Capital Gains: Capital gains are the profits you make on selling an asset. For example if you purchase you house for $200,000 and later sell it for $300,000 you capital gain is $100,000. In the case of the stock market, if you purchase 10 shares of a stock or index fund at $20/share and you sell them 20 years later for $100/share, your capital gains are $80 times the 10 shares or $800. If these stocks were held in a taxable brokerage account you would have to pay capital gains taxes on that $800 profit. If they were in an IRA or 401(k) you wouldn’t have to pay capital gains taxes on that $800 profit.

Short Term vs. Long Term Capital Gains: The IRS puts capital gains into two different categories, short term and long term capital gains. Short term capital gains are profits made from assets held for less than a year, and long term capital gains are profits made from assets held for more than a year. The reason for this distinction is because they are taxed at different rates.

Short term capital gains are taxed at you normal income tax level whereas long term capital gains are taxed at a much more convenient rate. This is to encourage people to buy assets (like index funds) and hold them until they retire. As you can see below a married couple filing jointly can sell stock for a profit of $80,800 every year without having to pay the IRS a dime. But if they didn’t hold the stock for a full year they would have to pay about $9,000 in taxes on that $80,000.

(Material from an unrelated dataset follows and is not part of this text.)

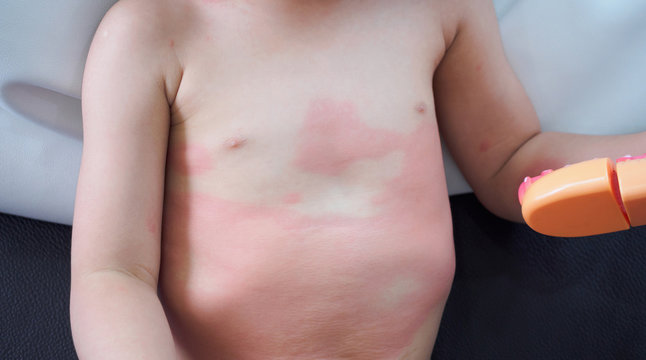 Severe eczema skin rash and allergic reaction symtom at little asian child body cause by hypersensitivity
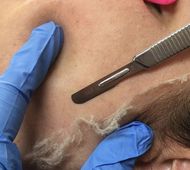 Facial Treatment Icon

Tax rateTaxable income bracketTax owed
10%$0 to $19,90010% of taxable income
12%$19,901 to $81,050$1,990 plus 12% of the amount over $19,900
22%$81,051 to $172,750$9,328 plus 22% of the amount over $81,050
24%$172,751 to $329,850$29,502 plus 24% of the amount over $172,750
32%$329,851 to $418,850$67,206 plus 32% of the amount over $329,850
35%$418,851 to $628,300$95,686 plus 35% of the amount over $418,850
37%$628,301 or more$168,993.50 plus 37% of the amount over $628,300
The regular tax rate for married couples, filing jointly
Long-term capital gains tax rateInvestment income bracket
0%$0 to $80,800
15%$80,001 to $501,600
20%$501,601 or more
The long-term capital gains tax rate for married couples, filing jointly

Inflation: Inflation is the gradual rise in costs of goods and services. As a result of inflation, the purchasing power of the dollar decreases. The Federal Reserve attempts to keep inflation at around 3% per year. As a general rule this means that prices will double roughly every 20 years. This is important to remember for retirement because if you plan to retire in 20 years assume that things will cost twice as much as they do now.

Required Minimum Distribution (RMD): If you have a traditional or Roth 401(k) or traditional IRA, the IRS requires you to take withdrawals of at least a certain minimum by April 1 of the year following the year you reach age 72. This is to make sure they get their cut of your taxes. If you don’t withdraw at least the required minimum distribution, you get slapped with a penalty of 50% of that value. However if you have a Roth IRA there are no required minimum distributions because you have already paid taxes on that money.

This isn’t an exhaustive list of financial terms by any stretch of the imagination, but I hope it’ll be enough to at least get you started. What do you think? Did I miss any important jargon or fail to explain something clearly enough? Let us know in the comments below, and I’ll update this page!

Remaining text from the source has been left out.